In April 1719, sixteen Presbyterian Scotch-Irish families settled here in two rows of cabins along West Running Brook easterly of Beaver Brook. Initially known as Nutfield, the settlement became Londonderry in 1723. The first year, a field was planted, known as the Common Field, where the potato was first grown in North America.
Located about a mile east of the Derry rotary on East Derry Rd in front of the East Derry Church and site of the first meetinghouse. Marker erected in 1969.
The Scotch-Irish – also known as the Ulster-Scots – have a pretty interesting history. Back in the days of King James I and through the 1600s, there were settlers sent from Scotland to Catholic Ireland. One of the first was in what came to be known as Ulster County. The major town was … Londonderry!
Of course the native Catholics weren’t to happy about having land given to these immigrating Presbyterian Scotsmen. It didn’t take long before hostilities broke out.
By 1641 The Irish Rebellion was in full swing. This was pretty much the start of the centuries long strife between the Protestants and Catholics in Ireland. We don’t need to go through it all here. Lets just follow the Scotch-Irish that came to New Hampshire.
As previously noted, the Scotch-Irish were Presbyterians. They had splintered away from the official English church. In 1688 the ascension of William to the English throne brought relative peace to Ireland. The Scotch-Irish were allowed to practice their religion, but were required to pay the church of England 10% of everything they produced. They land they lived on and worked was only leased to them by the crown – they could be evicted at any time.
Edward Parker, in his 1851 “History of Londonderry” quotes an earlier historian commenting on the feelings in Northern Ireland at the time between the Protestants and the Catholics:
"On the same soil dwelt two populations, locally intermixed, morally and politically sundered. The difference of religion was by no means the only difference, and was perhaps not even the chief difference, which existed between them. They sprang from different stocks. They spoke different languages. They had different national characters, as strongly opposed as any two national characters in Europe. They were in widely different stages of civilization. There could, therefore, be little sympathy between them ; and centuries of calamities and wrongs had generated a strong antipathy. The relation in which the minority stood to the majority, resembled the relation in which the followers of William the Conqueror stood to the Saxon churls, or the relation in which the followers of Cortez stood to the Indians of Mexico."
So there they were.

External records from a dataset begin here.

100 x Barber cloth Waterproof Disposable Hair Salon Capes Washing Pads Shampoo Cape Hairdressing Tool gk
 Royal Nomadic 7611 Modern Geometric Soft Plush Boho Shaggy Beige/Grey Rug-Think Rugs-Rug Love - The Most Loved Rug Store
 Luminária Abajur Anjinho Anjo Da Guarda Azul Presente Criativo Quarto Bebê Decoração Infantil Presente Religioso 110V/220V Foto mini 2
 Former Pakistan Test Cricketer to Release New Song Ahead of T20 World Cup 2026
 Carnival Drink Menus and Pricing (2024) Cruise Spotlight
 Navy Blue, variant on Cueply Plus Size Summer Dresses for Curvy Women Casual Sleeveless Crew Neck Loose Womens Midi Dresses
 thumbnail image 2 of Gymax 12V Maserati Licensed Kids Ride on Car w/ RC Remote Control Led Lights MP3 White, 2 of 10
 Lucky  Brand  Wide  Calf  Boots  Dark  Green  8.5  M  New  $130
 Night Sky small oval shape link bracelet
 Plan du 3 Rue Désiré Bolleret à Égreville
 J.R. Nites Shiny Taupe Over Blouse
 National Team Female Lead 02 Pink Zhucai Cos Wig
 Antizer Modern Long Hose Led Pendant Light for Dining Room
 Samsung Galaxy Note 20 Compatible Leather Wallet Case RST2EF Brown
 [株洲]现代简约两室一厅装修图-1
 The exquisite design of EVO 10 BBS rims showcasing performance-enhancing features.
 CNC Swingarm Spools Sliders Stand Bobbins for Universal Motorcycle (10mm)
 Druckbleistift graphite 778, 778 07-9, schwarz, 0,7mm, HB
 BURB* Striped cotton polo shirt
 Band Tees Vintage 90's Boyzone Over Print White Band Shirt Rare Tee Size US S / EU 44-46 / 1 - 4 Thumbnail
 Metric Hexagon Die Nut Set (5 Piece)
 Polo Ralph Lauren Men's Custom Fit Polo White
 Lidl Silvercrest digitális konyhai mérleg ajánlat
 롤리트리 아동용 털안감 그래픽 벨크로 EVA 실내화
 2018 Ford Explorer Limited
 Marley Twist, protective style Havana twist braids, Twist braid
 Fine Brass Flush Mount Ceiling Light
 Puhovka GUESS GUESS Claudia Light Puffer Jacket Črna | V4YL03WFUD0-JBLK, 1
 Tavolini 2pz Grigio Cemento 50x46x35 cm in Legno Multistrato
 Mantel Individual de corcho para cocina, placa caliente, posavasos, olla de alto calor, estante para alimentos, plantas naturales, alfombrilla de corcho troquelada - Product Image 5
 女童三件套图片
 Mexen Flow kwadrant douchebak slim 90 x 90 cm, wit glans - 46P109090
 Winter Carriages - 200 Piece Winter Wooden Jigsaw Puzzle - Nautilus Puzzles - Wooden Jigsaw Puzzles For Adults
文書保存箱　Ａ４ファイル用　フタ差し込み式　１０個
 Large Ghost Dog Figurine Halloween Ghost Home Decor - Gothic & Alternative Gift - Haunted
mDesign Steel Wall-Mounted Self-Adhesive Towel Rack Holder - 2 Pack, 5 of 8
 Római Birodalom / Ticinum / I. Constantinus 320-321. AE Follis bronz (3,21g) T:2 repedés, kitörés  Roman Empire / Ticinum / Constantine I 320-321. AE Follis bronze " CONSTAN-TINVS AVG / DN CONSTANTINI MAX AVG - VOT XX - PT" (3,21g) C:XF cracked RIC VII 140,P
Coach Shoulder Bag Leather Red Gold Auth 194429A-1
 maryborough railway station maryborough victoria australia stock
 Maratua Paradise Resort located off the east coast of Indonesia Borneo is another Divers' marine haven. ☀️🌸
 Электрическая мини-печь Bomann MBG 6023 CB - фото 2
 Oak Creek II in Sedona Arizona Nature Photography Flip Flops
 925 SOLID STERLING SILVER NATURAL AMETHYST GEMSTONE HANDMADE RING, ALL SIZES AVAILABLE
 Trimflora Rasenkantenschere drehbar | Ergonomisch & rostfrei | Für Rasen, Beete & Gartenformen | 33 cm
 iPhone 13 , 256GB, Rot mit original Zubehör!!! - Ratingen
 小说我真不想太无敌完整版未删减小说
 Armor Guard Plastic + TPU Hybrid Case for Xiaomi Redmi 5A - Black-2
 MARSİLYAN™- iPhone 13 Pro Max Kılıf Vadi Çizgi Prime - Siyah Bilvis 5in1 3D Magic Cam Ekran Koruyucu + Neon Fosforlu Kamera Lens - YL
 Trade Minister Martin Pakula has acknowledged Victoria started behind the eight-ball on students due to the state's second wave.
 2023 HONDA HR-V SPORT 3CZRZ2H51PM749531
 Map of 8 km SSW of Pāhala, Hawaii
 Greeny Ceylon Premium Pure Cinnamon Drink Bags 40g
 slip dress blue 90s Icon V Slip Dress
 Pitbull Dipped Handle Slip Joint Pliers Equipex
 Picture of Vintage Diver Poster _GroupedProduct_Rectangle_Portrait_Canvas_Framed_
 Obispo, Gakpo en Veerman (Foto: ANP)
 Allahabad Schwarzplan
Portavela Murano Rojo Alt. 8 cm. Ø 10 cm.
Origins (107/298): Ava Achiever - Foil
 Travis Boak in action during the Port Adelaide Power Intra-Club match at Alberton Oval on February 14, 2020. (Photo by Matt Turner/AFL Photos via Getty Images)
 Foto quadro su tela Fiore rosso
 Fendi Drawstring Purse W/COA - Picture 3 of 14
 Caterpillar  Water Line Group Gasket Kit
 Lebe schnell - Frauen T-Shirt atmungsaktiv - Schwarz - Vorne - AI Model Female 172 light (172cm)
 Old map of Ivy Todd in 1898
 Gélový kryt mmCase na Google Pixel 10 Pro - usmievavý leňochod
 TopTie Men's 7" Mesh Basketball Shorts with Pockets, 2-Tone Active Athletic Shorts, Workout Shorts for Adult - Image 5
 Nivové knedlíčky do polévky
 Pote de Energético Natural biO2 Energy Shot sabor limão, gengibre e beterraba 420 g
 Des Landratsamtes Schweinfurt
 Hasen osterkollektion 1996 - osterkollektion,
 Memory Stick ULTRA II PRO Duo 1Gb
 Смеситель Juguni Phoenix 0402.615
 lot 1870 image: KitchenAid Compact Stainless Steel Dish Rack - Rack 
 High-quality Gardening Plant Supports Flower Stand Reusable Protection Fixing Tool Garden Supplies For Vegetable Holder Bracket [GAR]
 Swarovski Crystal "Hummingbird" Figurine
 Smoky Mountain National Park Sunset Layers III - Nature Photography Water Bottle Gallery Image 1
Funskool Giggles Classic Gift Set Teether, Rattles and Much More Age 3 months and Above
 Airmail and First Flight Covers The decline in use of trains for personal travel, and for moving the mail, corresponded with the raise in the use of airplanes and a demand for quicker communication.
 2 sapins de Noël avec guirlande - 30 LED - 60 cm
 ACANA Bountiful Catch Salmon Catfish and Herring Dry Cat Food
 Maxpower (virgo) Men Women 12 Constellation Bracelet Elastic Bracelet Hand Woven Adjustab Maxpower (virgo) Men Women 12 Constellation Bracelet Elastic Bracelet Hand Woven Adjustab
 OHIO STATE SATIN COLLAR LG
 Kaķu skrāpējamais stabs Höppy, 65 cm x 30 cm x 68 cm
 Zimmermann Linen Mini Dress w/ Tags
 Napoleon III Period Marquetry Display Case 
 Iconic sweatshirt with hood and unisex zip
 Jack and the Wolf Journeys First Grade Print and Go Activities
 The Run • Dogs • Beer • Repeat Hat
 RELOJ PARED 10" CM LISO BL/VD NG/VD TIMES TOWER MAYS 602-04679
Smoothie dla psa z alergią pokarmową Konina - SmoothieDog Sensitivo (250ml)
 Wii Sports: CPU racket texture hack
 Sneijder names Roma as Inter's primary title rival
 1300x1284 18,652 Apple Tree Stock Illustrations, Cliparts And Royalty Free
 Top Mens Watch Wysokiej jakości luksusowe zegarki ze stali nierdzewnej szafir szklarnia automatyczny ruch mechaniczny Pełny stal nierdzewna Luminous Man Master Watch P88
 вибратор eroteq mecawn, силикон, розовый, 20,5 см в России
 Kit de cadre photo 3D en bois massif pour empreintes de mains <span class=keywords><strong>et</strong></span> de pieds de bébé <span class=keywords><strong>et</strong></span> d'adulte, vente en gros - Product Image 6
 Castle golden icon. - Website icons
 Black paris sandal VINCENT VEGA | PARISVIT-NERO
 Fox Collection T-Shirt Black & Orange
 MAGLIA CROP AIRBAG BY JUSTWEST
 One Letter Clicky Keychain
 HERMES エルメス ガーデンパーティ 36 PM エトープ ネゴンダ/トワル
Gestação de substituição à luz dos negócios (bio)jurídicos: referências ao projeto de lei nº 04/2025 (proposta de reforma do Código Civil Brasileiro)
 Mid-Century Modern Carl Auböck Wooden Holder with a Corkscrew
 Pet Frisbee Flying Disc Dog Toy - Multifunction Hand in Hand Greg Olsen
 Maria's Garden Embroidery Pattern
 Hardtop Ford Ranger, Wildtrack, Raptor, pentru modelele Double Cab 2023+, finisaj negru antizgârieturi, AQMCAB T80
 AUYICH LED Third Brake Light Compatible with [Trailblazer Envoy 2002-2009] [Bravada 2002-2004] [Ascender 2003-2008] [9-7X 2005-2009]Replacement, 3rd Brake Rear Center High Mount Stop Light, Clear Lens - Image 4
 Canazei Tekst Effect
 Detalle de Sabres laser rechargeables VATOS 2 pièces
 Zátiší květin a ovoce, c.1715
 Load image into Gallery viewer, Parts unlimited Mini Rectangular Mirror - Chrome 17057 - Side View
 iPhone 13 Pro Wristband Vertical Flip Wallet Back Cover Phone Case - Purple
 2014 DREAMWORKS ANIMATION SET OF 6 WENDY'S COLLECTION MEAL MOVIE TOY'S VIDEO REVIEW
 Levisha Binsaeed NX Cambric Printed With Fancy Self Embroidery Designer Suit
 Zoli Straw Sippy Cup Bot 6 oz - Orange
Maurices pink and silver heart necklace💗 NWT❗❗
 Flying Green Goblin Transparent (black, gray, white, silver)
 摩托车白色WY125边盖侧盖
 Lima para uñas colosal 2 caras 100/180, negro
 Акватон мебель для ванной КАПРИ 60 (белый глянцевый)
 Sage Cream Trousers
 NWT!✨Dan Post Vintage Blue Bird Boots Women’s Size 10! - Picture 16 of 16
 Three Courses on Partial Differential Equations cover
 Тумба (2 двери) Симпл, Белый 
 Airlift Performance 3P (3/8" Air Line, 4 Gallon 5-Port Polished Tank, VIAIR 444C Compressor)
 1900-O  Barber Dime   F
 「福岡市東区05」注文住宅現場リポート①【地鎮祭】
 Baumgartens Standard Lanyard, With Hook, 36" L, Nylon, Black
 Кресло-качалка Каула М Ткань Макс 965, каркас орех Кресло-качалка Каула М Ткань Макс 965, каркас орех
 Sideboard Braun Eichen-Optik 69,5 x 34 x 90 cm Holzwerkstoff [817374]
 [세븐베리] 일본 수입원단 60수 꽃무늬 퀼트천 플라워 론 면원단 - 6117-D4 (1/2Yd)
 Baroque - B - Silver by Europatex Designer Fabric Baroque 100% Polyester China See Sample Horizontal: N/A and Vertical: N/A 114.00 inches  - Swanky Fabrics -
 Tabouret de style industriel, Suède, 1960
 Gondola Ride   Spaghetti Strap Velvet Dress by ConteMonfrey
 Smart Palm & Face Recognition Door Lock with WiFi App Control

No real land ownership, taxed to support a church they didn’t believe in and surrounded by animosity from both the Irish Catholics and church of England. And they had heard things. Good things about new freedoms across the Atlantic. It didn’t take long for them to realize leaving for the new world might not be such a bad idea.
Four Presbyterian clergymen gathered all the interested families from their churches. 217 signed the request that was sent to Boston in the hands of Reverend Boyd. The colony said “sure, come on over!” and they did. They arrived in Boston in August of 1718.
In the fall of that year a gentleman named MacGregor took 16 of these families to Casco Bay to find a place to settle, but arrived late in the fall. They spent a miserable winter aboard ship, sick and hungry, iced into the bay. Boston sent enough food to see them to the spring.
In the spring they explored the lands around Casco Bay but couldn’t find anything to their liking. So they struck west into the Merrimack valley, arriving at the settlement in Haverhill, MA. Once there they began asking about land that could be settled and were told of an area called Nutfield, about 15 miles northwest. The men went to explore the new area and fell in love.
They communicated the selection of the land to Boston – making their claim – and proceeded to build some crude huts before returning to gather up their families and few possessions for the trip to their new home. As the marker notes, 5 years later they renamed the town after their old home in Ireland, Londonderry.
Now to important stuff. Potatoes! That’s quite a claim on the marker: “The first year, a field was planted, known as the Common Field, where the potato was first grown in North America.” Could it be true? This calls for some intense googling.
It seems that a few people brought some potatoes in the 1600s, but no one really established a potato plantation. All of the most reliable Potato Historians do indeed place the first legitimate Potato farms in Londonderry, 1719. Take that Maine!
Special bonus for all my Crafty readers, the Official State of New Hampshire Tartan!
Yes we do have one, approved by the state legislature in 1995 to commemorate the 20th anniversary of the New Hampshire Highland Games.
Here is the Sett for the Tartan:
green 56, black 2, green 2, black 12, white 2, black 12, purple 2, black 2, purple 8, red 6, purple 28
Green represents our forests, Black the granite of our mountains, White is the snow, Purple our state flower the Lilac and bird the purple finch. Red represents all our state Heroes.
I’ll let some of our weavers explain how a list of colored string gets turned into tartan. Looms scare me.